To make the switch to protected mode we set the last bit of the control register to 1.
cli ; clear all the interrrupts
lgdt [gdt_descriptor]
; indirectly changing the last bit of cr0 to 1
mov eax, cr0
or eax, 0x1
mov cr0, eax
Finally we can jump to 32 bit protected mode by performing a far jump.
jmp CODE_SEGMENT:protected_mode_main
.
.
.
.
protected_mode_main:
jpm $ ; infinite loop at the start of the main function in protected mode
Now that we have entered the 32 bit mode we can use COLORS to print onto the screen.
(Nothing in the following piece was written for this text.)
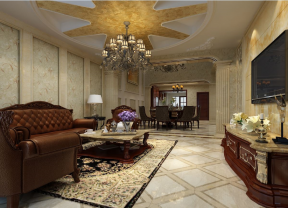欧式古典风格客厅真皮沙发装修效果图片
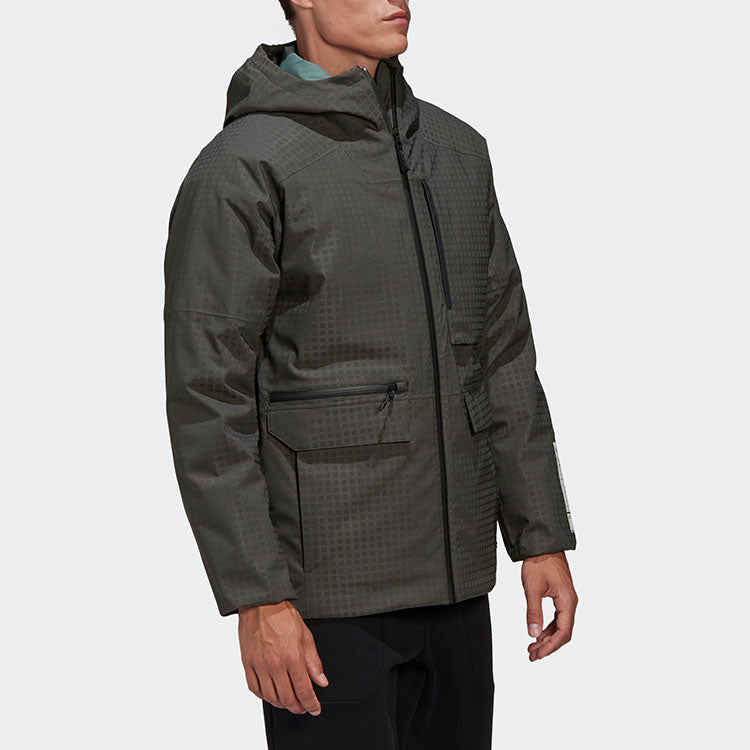 adidas Cap 3in1 R.r J Outdoor Windproof hooded down Jacket Brown GF0039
We utilise the
prebuilt VGA to display characters on the screen.
First the Video memory address is defined as 0xb8000
. This is where teh first character is printed
after which the next character is printed at 0xb8002
, this is because each character is 2 bytes
long.
[bits 32]
VIDEO_MEMORY equ 0xb8000
COLOR_CODE equ 0x60 ; black on orange
pm_print:
pusha
mov edx, VIDEO_MEMORY
.pm_print_loop:
mov al, [ebx] ; ebx points to the character we want to print
cmp al, 0x0
je .pm_print_done
mov ah, COLOR_CODE ; printing colors
; now ax contains information about what character to print and in what color
mov [edx], ax ; move the character
inc ebx
add edx, 2
jmp .pm_print_loop
.pm_print_done:
popa
ret
protected_mode_main:
mov ebx, pm_message
call pm_print
jmp $ ; infinite loop at the start of the main function in protected mode
pm_message:
db "Hello World!!", 0
Now we define at what address the kernel starts.
KERNEL_LOCATION equ 0x1000
Since the kernel cannot fit into the first sector of the disk, will have to load more sectors into the memory.